Activity
Return the full set of entries precisely. Do not carry over any pictures.

Data supplied
☆ ☆ ☆

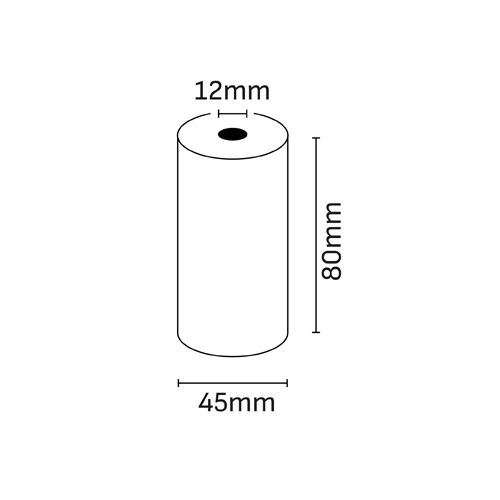 Oqonos Rotolo di carta termica 80x45x12 mm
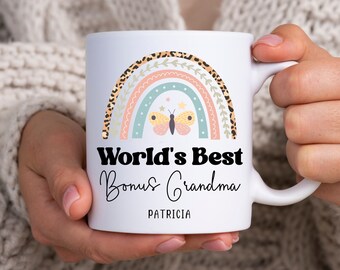 Personalized Bonus Grandma Gift, Bonus Grandma Mug, Step Grandma Birthday, Mothers Day Gift From Granddaughter Grandson
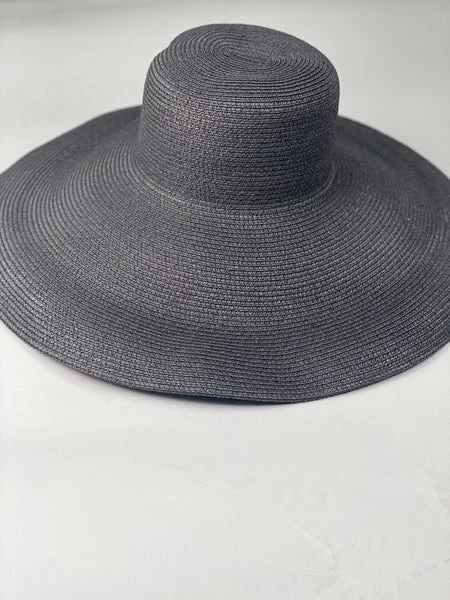 Black Floppy Straw Hat - Blaze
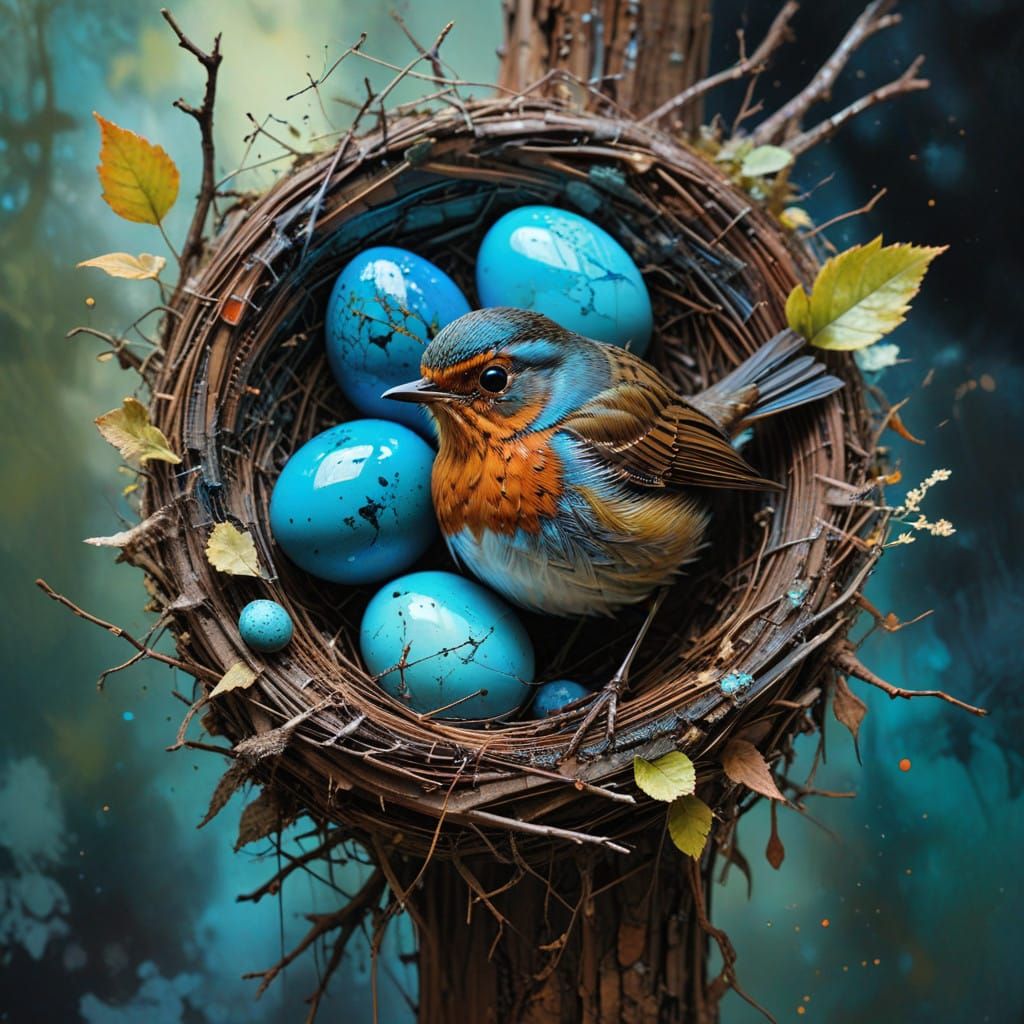 Vibrant Robin's Nest in Summer Splendor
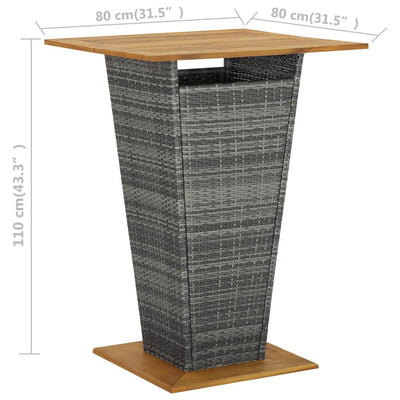 Bar Table Grey 80x80x110 cm Poly Rattan and Solid Acacia Wood Payday Deals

☆ ☆ ☆

Completed task
 Oqonos Rotolo di carta termica 80x45x12 mm
 Personalized Bonus Grandma Gift, Bonus Grandma Mug, Step Grandma Birthday, Mothers Day Gift From Granddaughter Grandson
 Black Floppy Straw Hat - Blaze
 Vibrant Robin's Nest in Summer Splendor
 Bar Table Grey 80x80x110 cm Poly Rattan and Solid Acacia Wood Payday Deals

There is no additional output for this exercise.